* _TASK ITEM_
Omit the pictures. Print each entry below exactly.

* _DATASET EXTRACT_

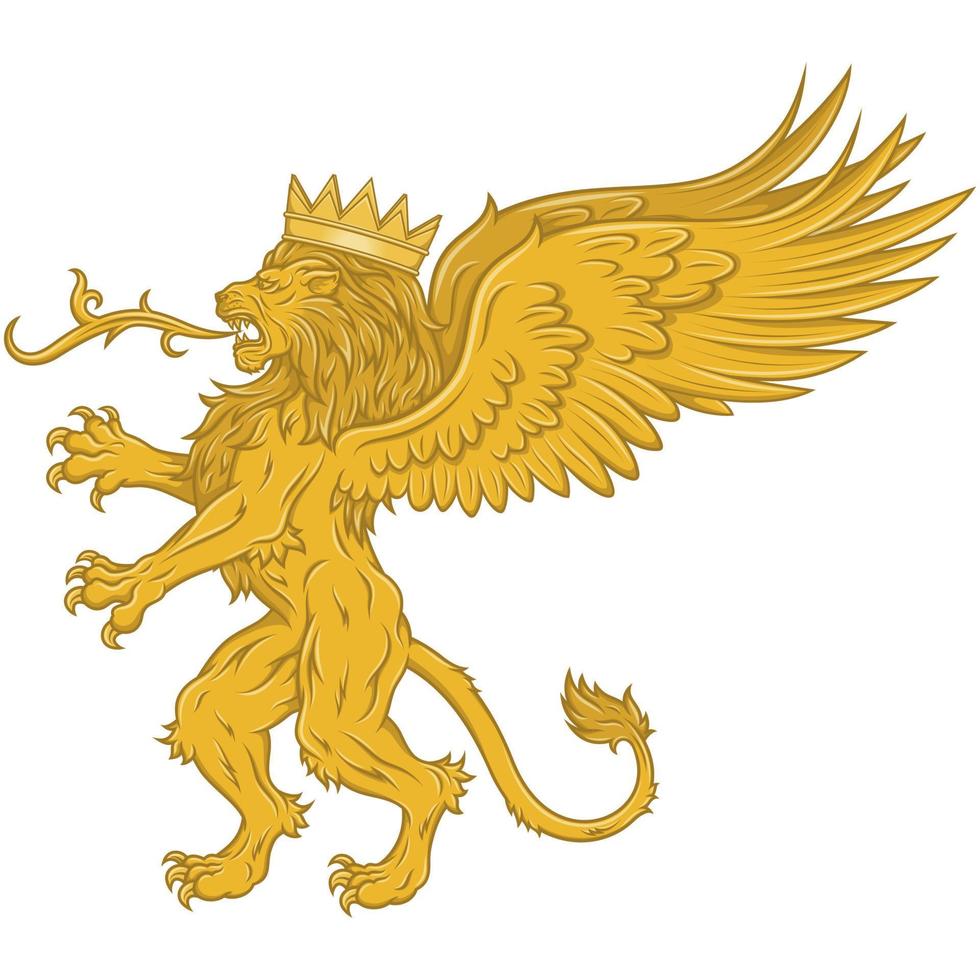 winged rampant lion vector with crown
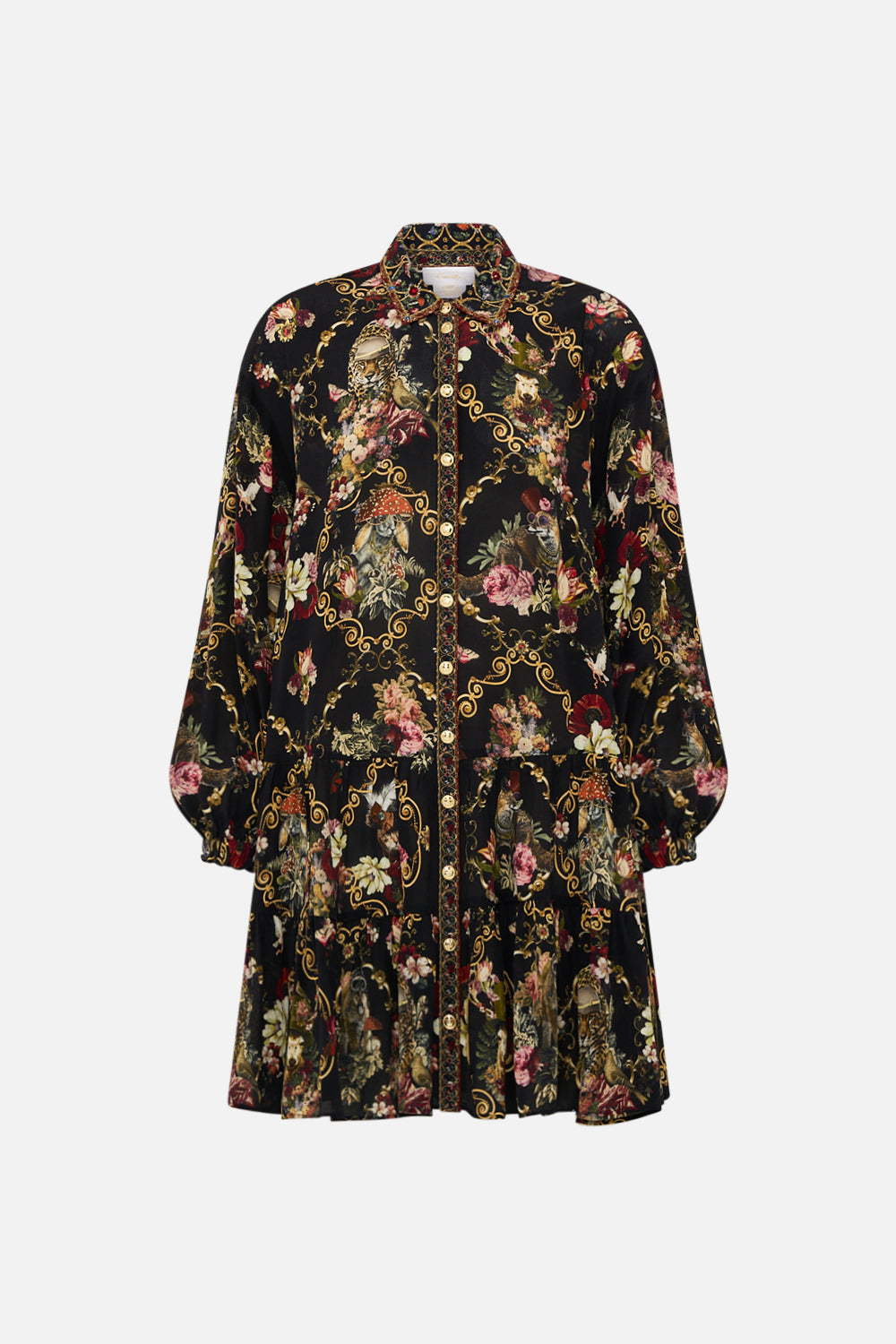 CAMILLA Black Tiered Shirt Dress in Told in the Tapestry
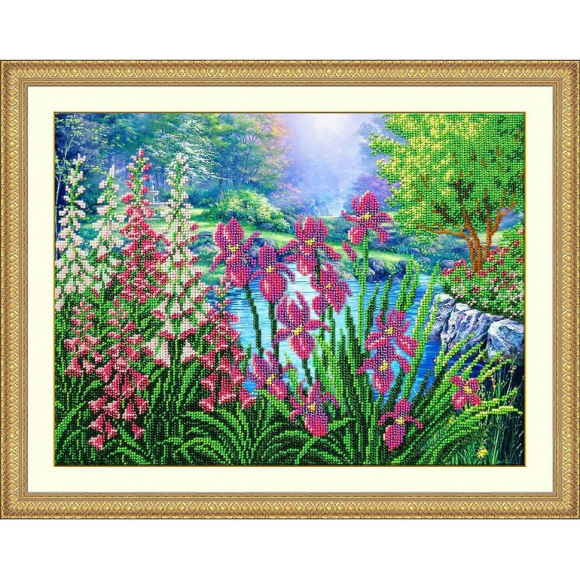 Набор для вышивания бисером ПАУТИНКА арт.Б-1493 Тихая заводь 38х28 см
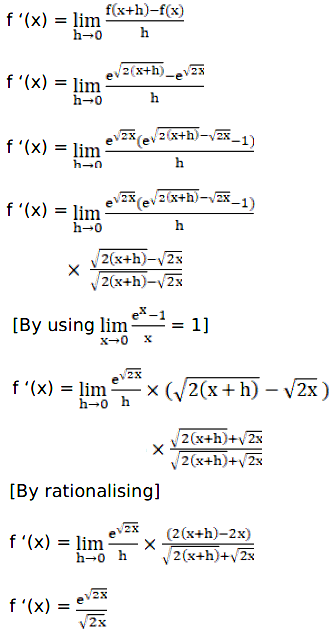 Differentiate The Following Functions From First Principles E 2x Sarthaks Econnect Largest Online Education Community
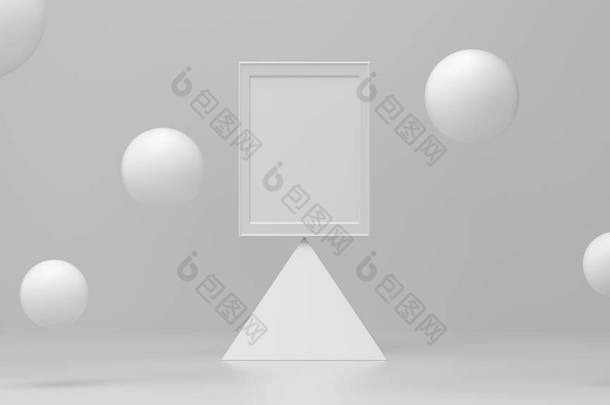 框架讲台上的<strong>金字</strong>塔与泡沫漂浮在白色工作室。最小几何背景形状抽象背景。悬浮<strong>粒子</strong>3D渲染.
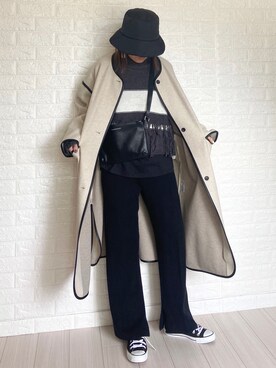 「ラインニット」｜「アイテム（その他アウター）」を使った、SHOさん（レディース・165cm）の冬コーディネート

* _EXERCISE RESULT_
 winged rampant lion vector with crown
 CAMILLA Black Tiered Shirt Dress in Told in the Tapestry
 Набор для вышивания бисером ПАУТИНКА арт.Б-1493 Тихая заводь 38х28 см
 Differentiate The Following Functions From First Principles E 2x Sarthaks Econnect Largest Online Education Community
 框架讲台上的<strong>金字</strong>塔与泡沫漂浮在白色工作室。最小几何背景形状抽象背景。悬浮<strong>粒子</strong>3D渲染.
 「ラインニット」｜「アイテム（その他アウター）」を使った、SHOさん（レディース・165cm）の冬コーディネート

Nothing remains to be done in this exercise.